Figure 7. Mesenchymal and amoeboidal 3D migration dynamic modes in metastatic melanoma. Mesenchymal migration depends on RAC signaling to establish front-rear 3D polarity. This polarity generates a predominant pseudopodia, producing the characteristic spindle like morphology. Mesenchymal migration depends on MMP-dependent ECM degradation and integrin-dependent cell-matrix attachment protein complexes known as focal adhesions (FAs). Most probably, FAs are related as being important for exocytic trafficking of MMPs. In contrast, amoeboid migration assumes different migration modes from blebbing, chimneying to actin gliding modes. Amoeboidal migration requires little to no integrin activity and or MMP-mediated matrix degradation. CAFs facilitate ECM changes through deposition of fibronectin that crosslinks collagen I fibers. CAF-dependent contractility further in reorganization of ECM influencing melanoma migration and survival mechanosensory proteins (based in Ju et al., 2018).

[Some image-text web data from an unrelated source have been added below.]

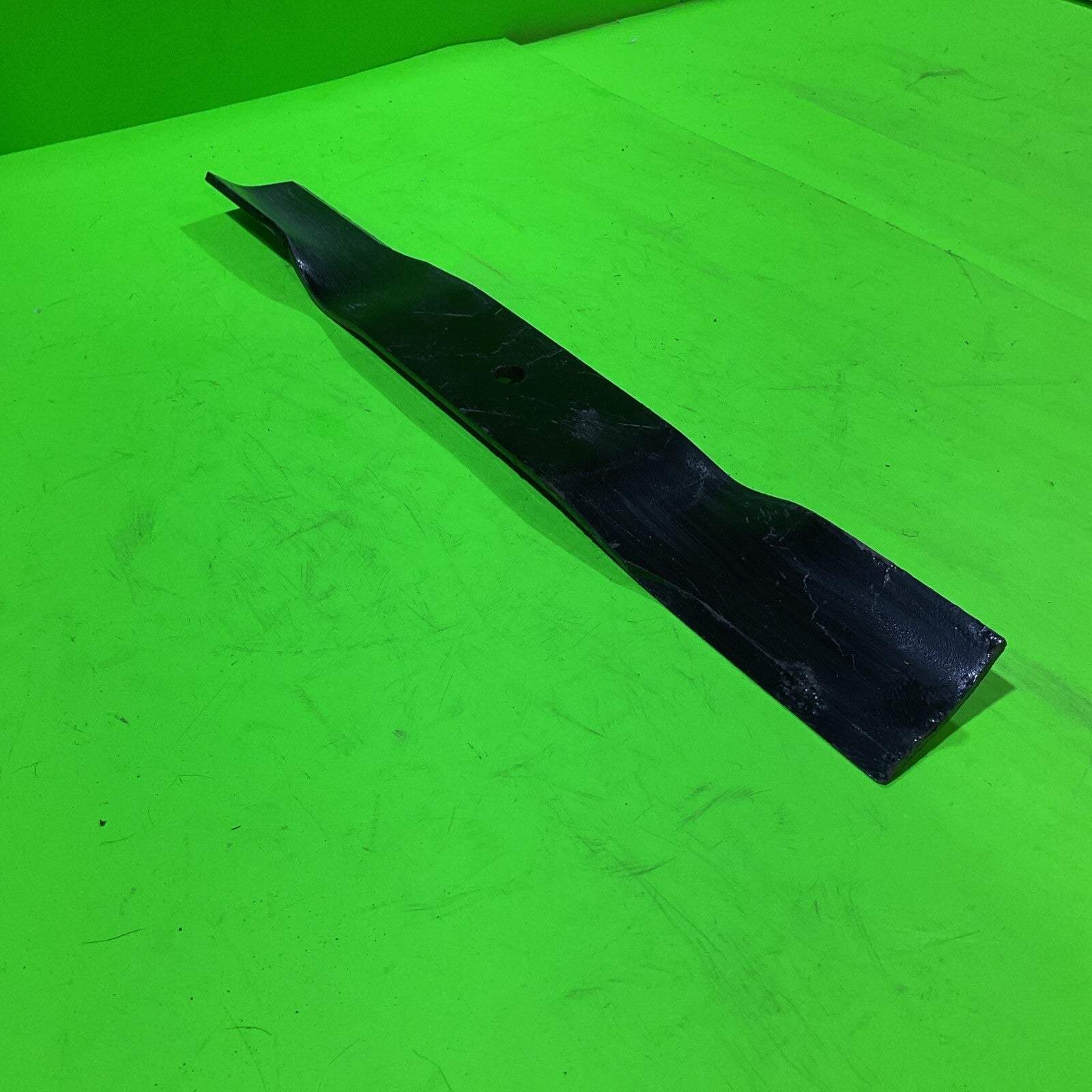 Single Genuine OEM Husqvarna 539128189 Dixon 61695 Mower Blade 52" Cut 18-3/8"3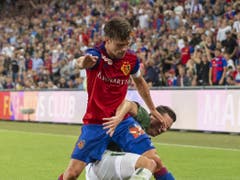 Mit Kampf zum Sieg: Basels Captain Valentin Stocker setzt sich gegen Eindhovens Nick Viergever durch (Bild: KEYSTONE/GEORGIOS KEFALAS)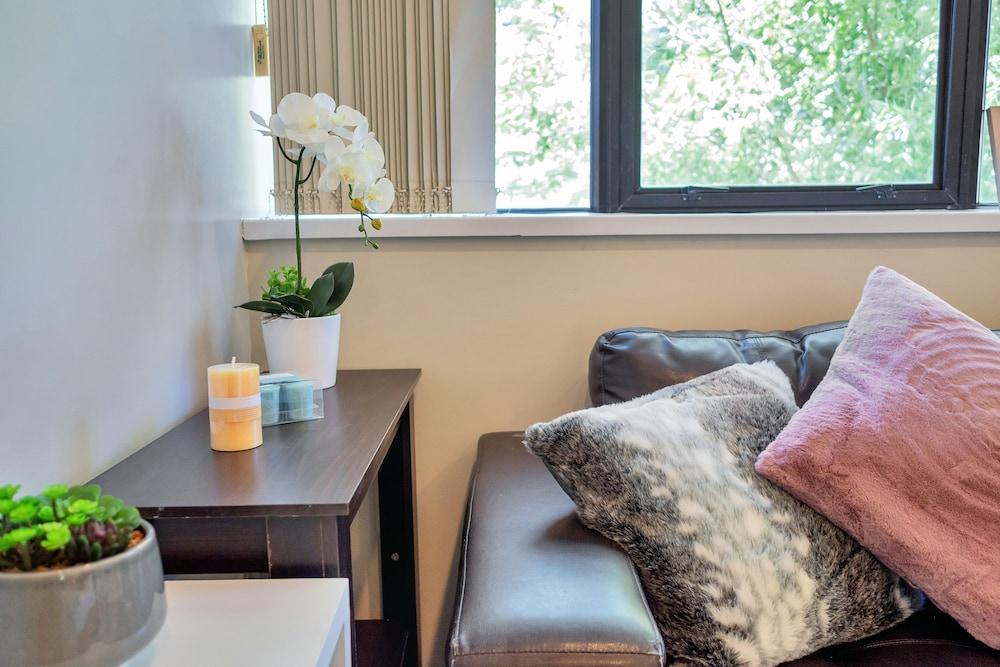 City Studio Near K'rd with WiFi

According to Huang et al. (2018), the fluid shear stress (FSS) is important for migration and metastization. The shear stress flow is a variable in tumor metastasis-related fluid microenvironment. Blood shear stress levels (1–3000 dyn/cm2) is higher than interstitial flow (0.1 dyn/cm2) and lymph flow (0.64 dyn/cm2). In blood, only 0.02% of CTCs survive. In lymphatic fluid, the FSS generated at sentinel lymph nodes can significantly upregulate ICAM-1 in lymphoid endothelial cells, facilitating lymph node metastasis. Low FSS facilitate cell melanoma adhesion facilitating the extravasation and metastization (Huang et al., 2018). The MelCTCs are promising cancer biomarkers but isolation from the blood is very challenging because of their huge heterogeneity, which makes difficult their biological and clinical study (Aya-Bonilla et al., 2017). In melanoma, the metastization occurs in several organs being the lung, brain (Tawbi et al., 2018) and liver, the most affected ones (Damsky et al., 2010). “Why is melanoma so metastatic?” asked Braeuer et al. (2013). Melanoma cells are very efficient in invading the host immune system sharing several molecules with the vascular system, having a potentiality for angiogenesis, mesenchymal nature more than other tumors (Braeuer et al., 2013).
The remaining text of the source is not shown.